Bisakah anda lihat dimana saya salah belok?

Terlepas dari masalah teknis di atas, berjalan kaki di Singapura adalah suatu kenikmatan tersendiri. Beberapa rute seperti dari Woodlands ke Canberra dari dari Farrer Park ke Serangoon hampir seperti satu jalur yang lurus, gampang dan santai untuk ditempuh. Ada pula yang lebih menantang dan membawa saya ke tempat-tempat yang belum pernah saya lihat sebelumnya. Saya melewati kolong jembatan, taman, perumahan, kuburan, danau dan waduk, dam, bukit (dan saya agak terengah-engah saat jalan menanjak), marina, hutan di pulau dan juga gang-gang kecil yang naik turun dan mengingatkan saya dengan Hong Kong.

Ini adalah pengalaman yang menarik. Lewat pengalaman ini, saya juga menyadari bahwa meski saya selalu ingin mengatakan kalau trotoar di Singapura tidak pernah putus bagi pejalan kaki, ternyata asumsi ini tidak sepenuhnya benar. Setidaknya ada dua kesempatan dimana saya dikejutkan oleh penemuan tak terduga ini. Dua peristiwa ini terjadi dekat stasiun MRT Thomson-East Coast line yang sedang dibangun, Orchard and Great World. Ketika saya sedang berjalan, tiba-tiba trotoarnya hilang, haha. 
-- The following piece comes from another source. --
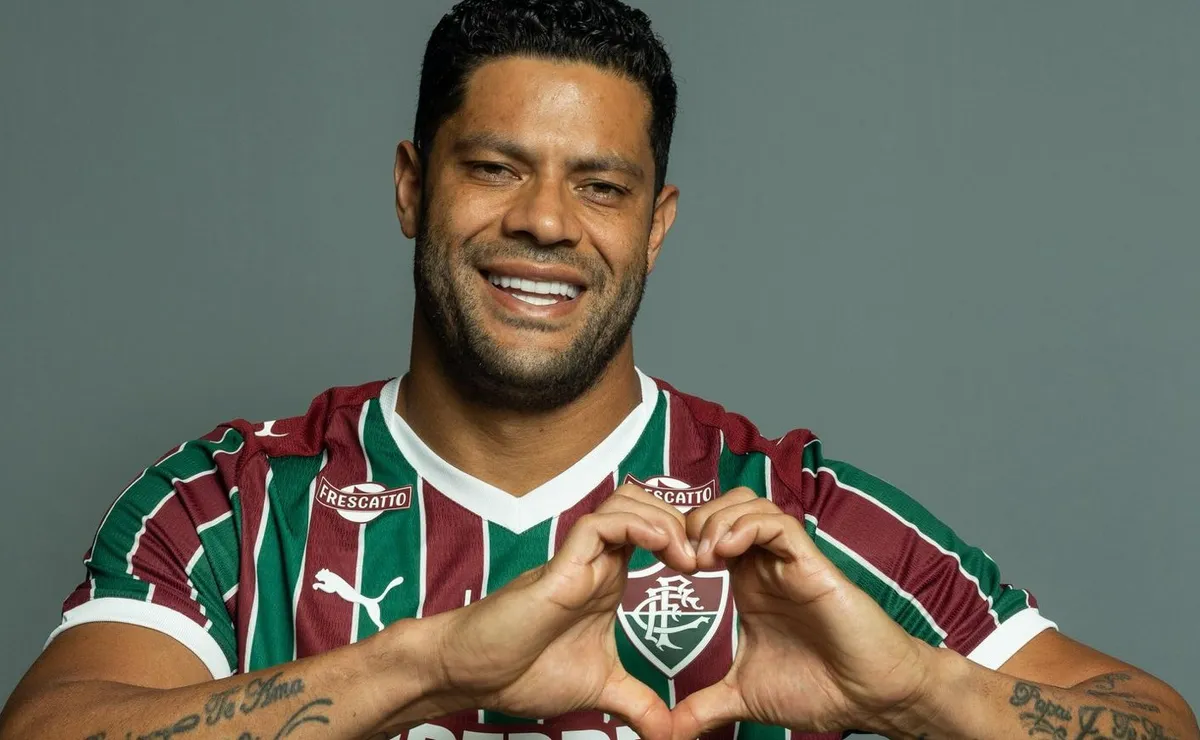 Hulk celebra acerto com o Fluminense e faz promessa para a torcida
Tersesat di tengah hujan di Kranji!
Foto oleh Lawrence.

Pada akhirnya, semua ini adalah tentang olahraga yang benar-benar minim dalam hidup saya. Sekarang minimal ada satu aktivitas yang bisa saya tekuni dengan senang hati. Hasilnya? Saya memiliki sebuah kaos yang jarang saya pakai karena terlalu ketat, namun ketika saya coba lagi baru-baru ini, saya ingat kalau saya bergumam pada istri saya bahwa kaos ini terasa lebih pas sekarang. Jadi, ya, kemungkinan ini akan berlanjut terus. Waktunya Strava!